Asheville Craigslist Farm Pages

It is evening here at the house.
I lived an appalachian epic today through the rain and the first line of it was Asheville Craigslist farm pages, one that read: "SHEEP. Can go in freezer or be used as pets."

The refrain was something about driving ethereal Appalachian back roads because 1.the school (insert the I) wants farm animals and 2. I (with no other pretense) have been craving the kind of adventure that took me alone along drizzly fields and ridgelines Kurosawa couldn't have dreamed up while crossing switchbacks with names like "Papaw Elmer's Drive." The kind of adventure that would have me chasing castrated sheep across barnyards with a pregnant teenage mother,(whose parents were watching TV in the trailer), and quieting them with WWF neckholds while she explained that their testicles had not fallen off yet, but they would, and she hoped the children would not be too scared by that.
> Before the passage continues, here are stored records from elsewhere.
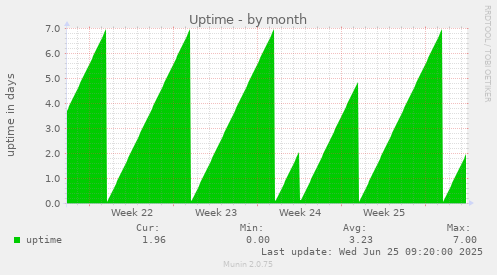 Uptime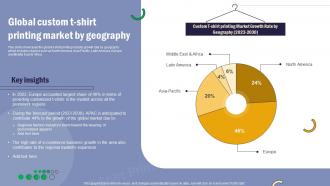 T Shirt Printing Global Custom T Shirt Printing Market By Geography BP SS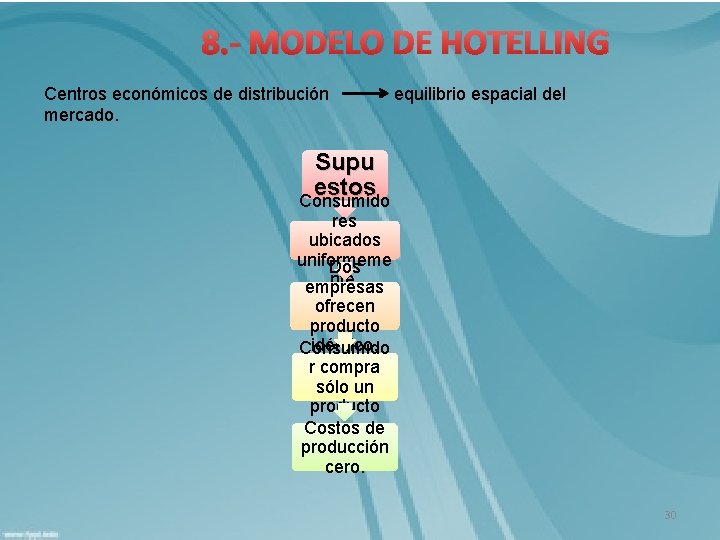 8. - MODELO DE HOTELLING Centros económicos de distribución mercado. equilibrio espacial del Supu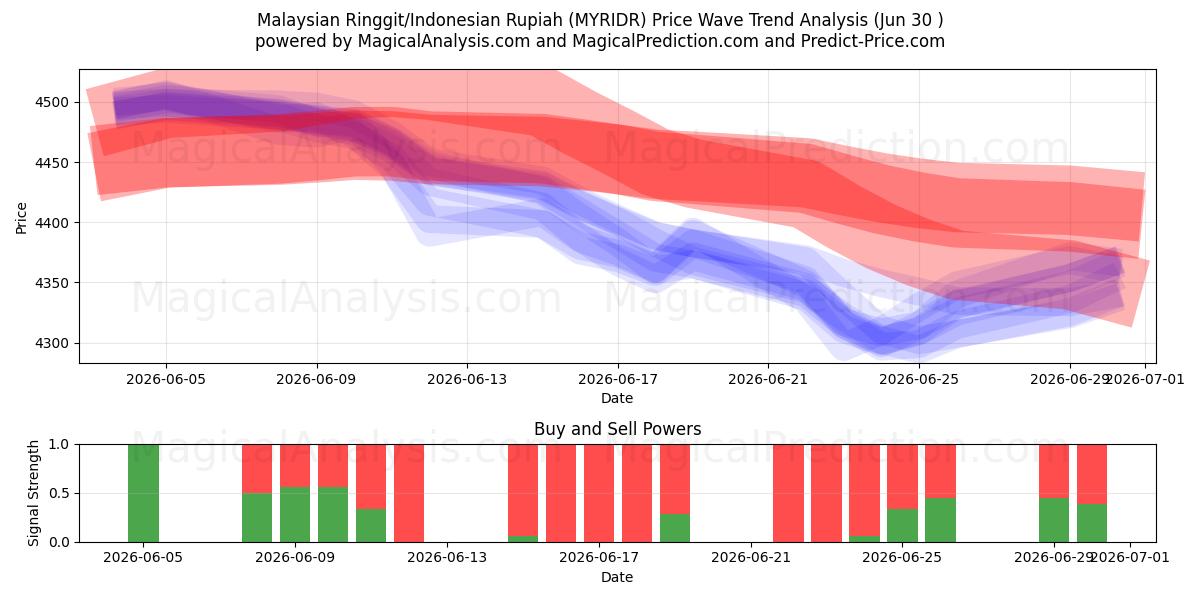  मलेशियाई रिंगित/इंडोनेशियाई रुपिया (MYRIDR) Support and Resistance area (29 Jun)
The stanzas were about a hitchhiking mother and toddler on the back floor of the van after they had gotten caught in the downpour still far from home, farmers' directions that read like Rumi, "sweep to the left," "keep following straight then sweep right," "there's a curve then it straightens and it curves again. Follow that." Bawdy black rams, skittish white ewes, fleeces sticky and damp having just come in from pasture, red hens, (lay real well and right personable too), the rabbit breeder's wife who smelled like sage leaves after the rain and whose face was a summer peach, all sweetness from inside. She couldn't have been more than 19, I thought when I first saw her, but no, her children were as old as mine.

I lived it all and saved it all like a child collecting pebbles at the shore, pockets wet and heavy on the ride home. Like James Herriot making tea over the aga stove, watching unpredictable weather pass over the moors.

The epic is wrapping up something like this:
quiet.
in the wood living room of the school

baby rabbits in a box
by the fireplace
nursing goats' milk from an eyedropper.
a lost turtle,
the sheep in my heart but maybe not in my budget,
and

a tiny white moth with threadbare wings
I found barely alive at the end and have kept right beside me
on his deathbed where I type:
an old mottled brown copy of Whittier's poems:
“Oh, the outward hath gone! - but, in glory and
power,
The SPIRIT surviveth the things of an hour;
Unchanged, undecaying, its Pentecost flame
On the heart's secret altar is burning the same !”

4 comments:

  1. that is just the most beautiful post! can't wait to come check out the space -- love to you!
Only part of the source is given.